Practice of Ultrasound: Part 15 -- The way of the radiologist

AuntMinnie.com presents the 15th in a series of columns on the practice of ultrasound from Dr. Jason Birnholz, one of the pioneers of the modality.

Fellow Ultrasounder,

I really appreciate invitations to lecture away from home. There's the obvious ego boost when your colleagues and peers believe you can share knowledge with them, and I have been very fortunate over the years in getting a chance to visit colleagues all around the globe. But far from being a one-way flow of information, I always felt that I learned more than my hosts and audiences.

That also happened a few weeks ago when I was honored to receive a lifetime achievement award from the Israel Society of Ultrasound in Obstetrics and Gynecology (ISUOG). On this trip, I gleaned an insight about our work that I had never put into words before. To adequately share it, though, I need to take you back to my beginnings in ultrasound and in radiology.
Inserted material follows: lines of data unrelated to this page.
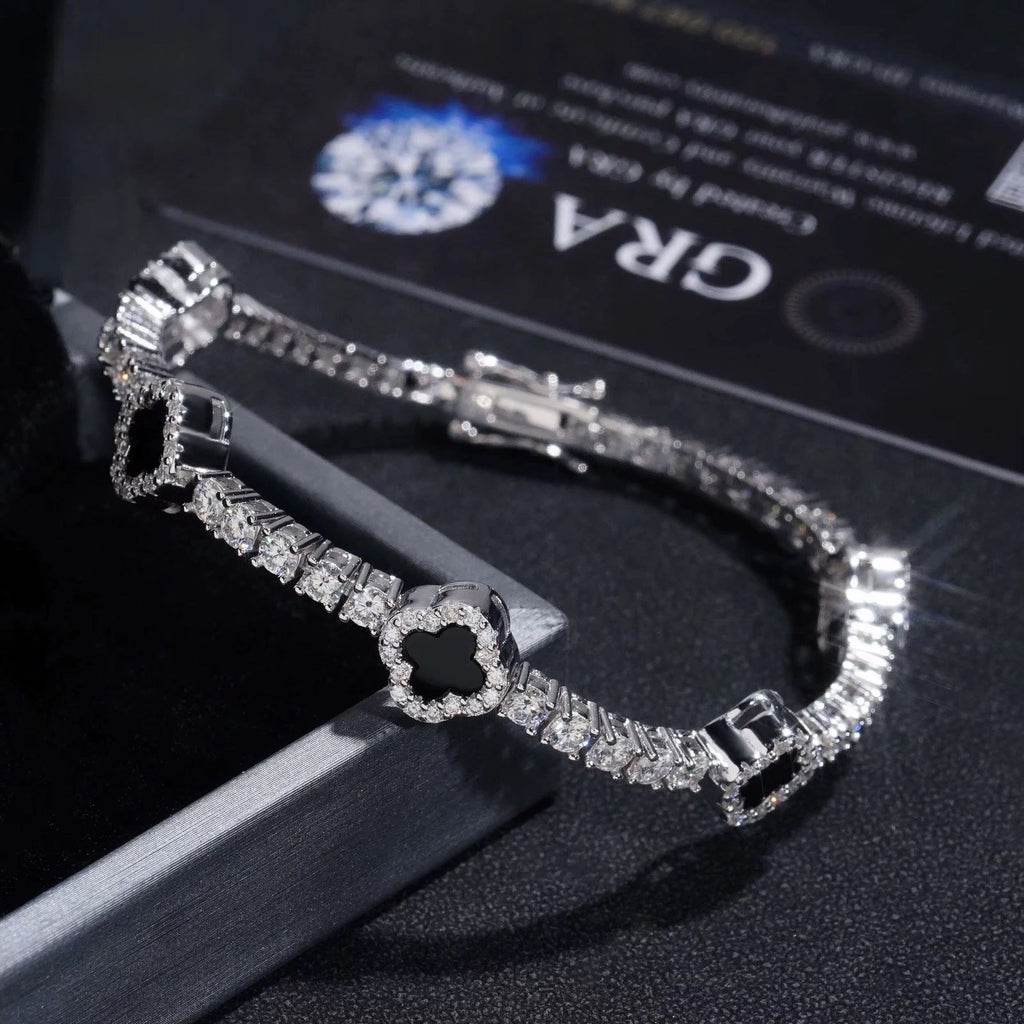 Clover Black Bracelet Moissanite S925 + Rhodium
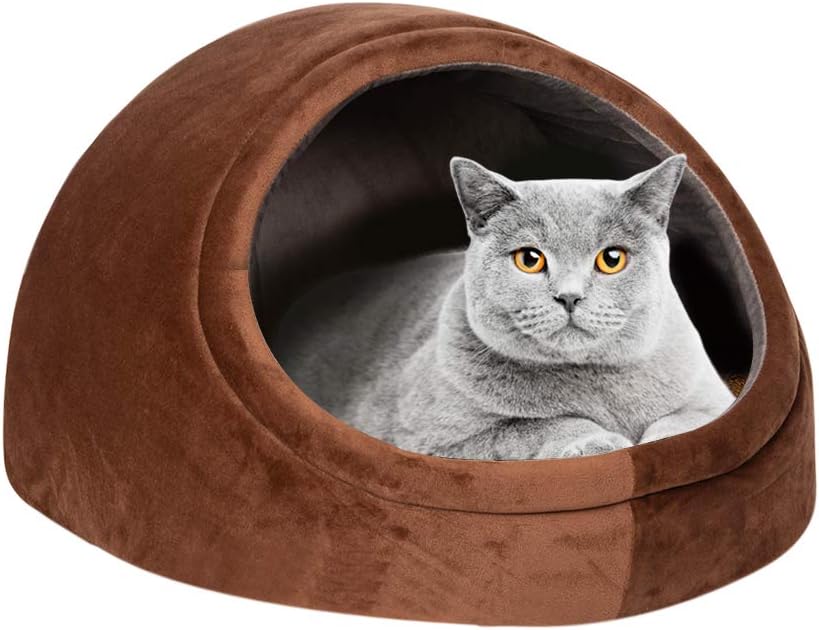 Autokcan Cat Beds for Indoor Cats, Cute Fluffy Washable Cat House Cave with Anti-Slip & Water-Resistant Bottom for Small Cats, Puppy,…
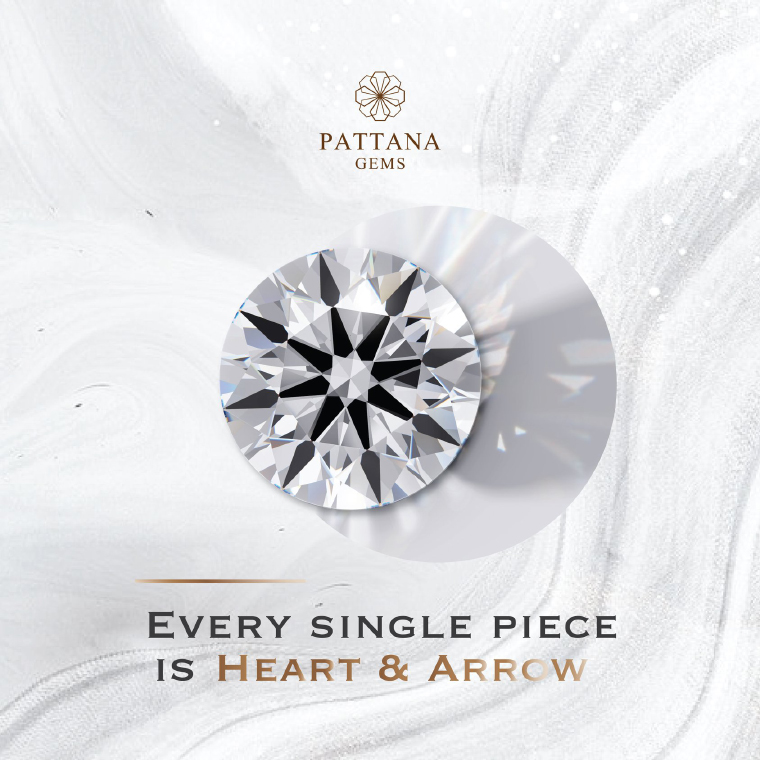 เพชรเหลี่ยม Heart&Arrow ที่ร้านเพชร Pattana Gems เลือกใช้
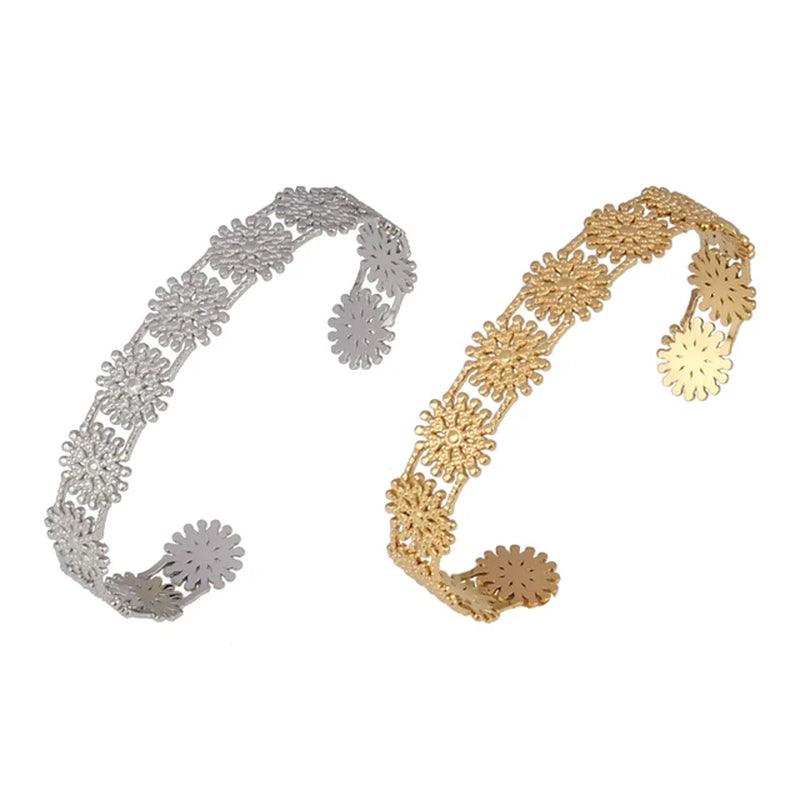 Women Stainless Steel Bracelets for Women Cuban Snake Bangle Bracelet Geometric Open Cuff Bracelet Punk Design Bracelet Jewelry - Jazz Beauty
The 1960s (a fabulous time)

Sometimes I mention "cognitive dissonance" when people ask me to talk about the history of ultrasound. As physicians, we strive to be completely truthful; we acknowledge our "mistakes" when they involve patient care because that is how we learn and maintain objectivity. But for something innocuous like personal remembrances of the past, it's all too natural to replace something we did or didn't do or thought with something a bit more favorable -- that's resolution of cognitive dissonance in action.

Dr. Jason Birnholz.

Dr. Jason Birnholz.

I'm trying to keep that in mind as I attempt to recreate my time as a commissioned officer in the U.S. Public Health Service, posted to the clinical center at the National Institutes of Health (NIH) in Bethesda, MD, in 1968. I had started my tour as a cardiology hopeful, assigned to a program researching exercise stress testing for early detection of occult coronary artery disease. My interest in ultrasound was piqued by its possibilities for monitoring myocardial dynamics.

I was able to locate and receive on loan one of the world's first mechanical sector scanners from Magnaflux. The scanner was stillborn commercially when Magnaflux's parent company closed it down soon after initial product development. It had a very narrow field-of-view and only operated at about seven frames per second, which was sort of useful for the mitral valve but not much else.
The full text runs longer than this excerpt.